In our projects, we use Elasticsearch for indexing data. It’s a text search engine built over Lucene indexes. Recently I was investigating a bug about how the system wasn’t finding something it was supposed to find using a specific query. Looking through the index metadata, I saw something like this:
This was something I haven’t seen before. Usually we just specified “analyzer”, but for this field, we had two. Why would one have different analyzers for indexing and for search?
Turns out that edgengram tokenizer that we use there is just the case where this might be useful. But first about the analyzers and tokenizers.

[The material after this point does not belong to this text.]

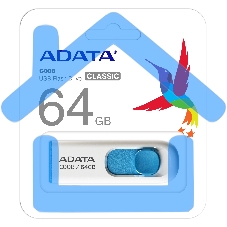 Флешка USB ADATA С008 (AC008-64G-RWE), 64 Gb, USB 2.0, R/W 15/5, белый/синий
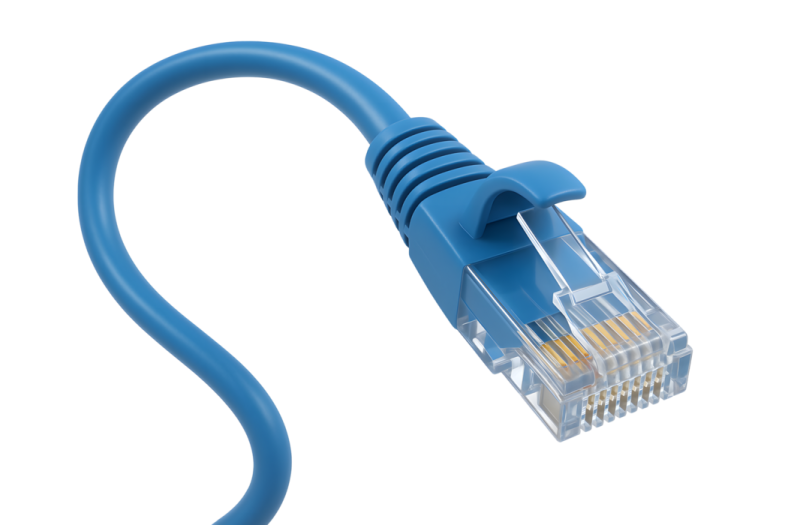 a blue ethernet cable on a white background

Elasticsearch uses tokenizers to split data into tokens and token filters to apply some additional processing. An analyzer usually has one tokenizer and can have several (or none) token filters. There are standard analysers: standard, simple, whitespace, keyword, etc. There are quite a few standard tokenizers and filters, too. But if they don’t fill the bill, one can always define custom tokenizers (based on regexp) and analyzers.
To see how an analyzer processes the text, you can use elasticsearch analyze api like this:
curl -XGET 'http://localhost:9200/_analyze?analyzer=english&pretty=true' -d 'This is a test, as you might have noticed.'
curl -XGET 'http://esd01.dev.dal.us.publishthis.com:9200/_analyze?tokenizer=whitespace&pretty=true' -d 'This is a test, as you might have noticed.'
Ngram tokenizer is used to search for partial matches. It has min_gram and max_gram config parameters that allow to set up the length of the ngrams. EdgeNGram is very like it, except that it only uses the ngrams at the beginning of a token. So, if the token is “elastic” and the min_ngram is say 3 and max_ngram is 10, it’ll index “ela”, “elas”, “elast” and “elastic”.

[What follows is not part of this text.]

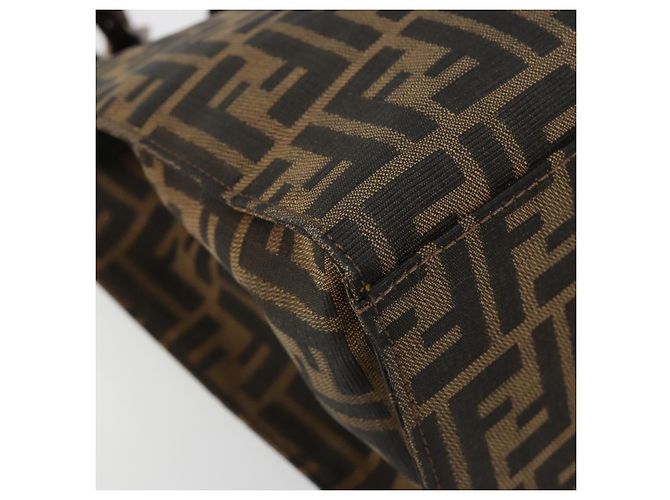 FENDI Zucca Canvas Mamma Baguette Tote Bag Black Brown Auth 182074 Marrone Nero - vista 13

And this is exactly the case where it makes sense to use a different index in search. Because when we input “elastic” to search for, we don’t want to search for “ela”, “elas”, “elast” and “elastic”. We just want to find “elastic”. Using all those shorter ngrams in search would give us too wide a result set. So, this is where we would use our edgeNGram analyzer as index_analyzer, but something else as search_analyzer.
(Thanks javanna from StackOverflow. This was a great explanation.)